Un nouveau rapport d’Human Rights Watch dénonce de graves violations commises par les Forces armées maliennes (Fama) et leurs alliés russes d’Africa Corps, en coordination avec des groupes jihadistes. Depuis la prise de Kidal en avril 2026, la violence s’est intensifiée, ciblant directement les populations civiles.

L’escalade après la chute de Kidal

Le 25 avril 2026, une offensive conjointe des jihadistes du Groupe de soutien à l’islam et aux musulmans (Jnim) et des séparatistes du Front de libération de l’Azawad (FLA) a conduit à la chute de Kidal et à la mort du ministre de la Défense Sadio Camara. En représailles, l’armée malienne, appuyée par les instructeurs d’Africa Corps, a lancé une campagne de contre-offensive. Les affrontements initiaux à Gao et Kidal auraient fait au moins 13 morts et 25 blessés parmi les civils, selon les données compilées par l’ONG.

La guerre économique : blocus et pénuries

Le Jnim a adopté une stratégie d’asphyxie économique en imposant des blocus routiers. Entre le 6 et le 21 mai, plus de 40 véhicules de transport civil ont été interceptés et brûlés. Les camions-citernes sont particulièrement visés, perturbant l’approvisionnement en carburant et en électricité, ce qui provoque la fermeture d’écoles et paralyse les marchés. Un habitant a été exécuté publiquement à Tonka pour dissuader toute résistance.

Les civils ciblés par l’alliance Bamako-Moscou

Les opérations des Fama et d’Africa Corps ont également causé des pertes civiles importantes. Selon le rapport, entre le 14 et le 17 mai, 38 civils ont été tués lors d’incursions au sol, dont 23 mineurs. Les frappes de drones ont fait des victimes : à Guimbé, un bombardement a tué 12 enfants le 25 avril, et à Téné, une cérémonie de mariage a été frappée le 17 mai, faisant 10 morts. Les communautés peules sont particulièrement visées.

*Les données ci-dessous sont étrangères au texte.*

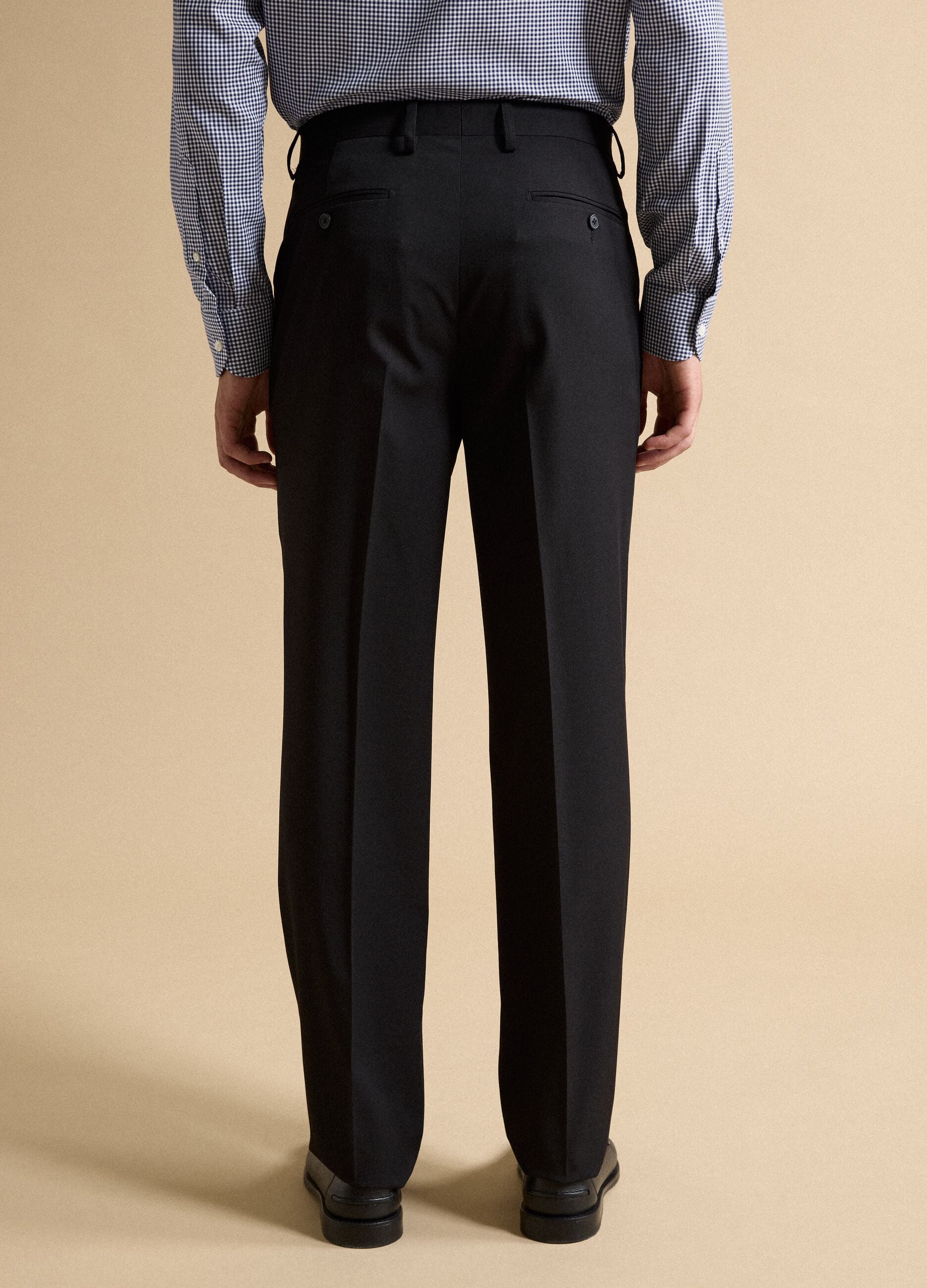 Black regular-fit formal trousers in stretch viscose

Justifications et silence officiel

Interrogé, le commandement du Jnim a justifié les violences en affirmant que les civils refusaient de se soumettre à leurs règles. Le ministère malien de la Justice n’a pas répondu aux demandes d’éclaircissement d’Human Rights Watch.

Appel à une enquête internationale

Face à ces violations du droit international humanitaire, l’ONG exhorte l’Union africaine et les Nations unies à organiser une mission d’établissement des faits. Selon Ilaria Allegrozzi, spécialiste du Sahel, l’impunité alimente la tragédie malienne. L’absence de mécanismes de surveillance depuis le départ de la mission de l’ONU aggrave la situation.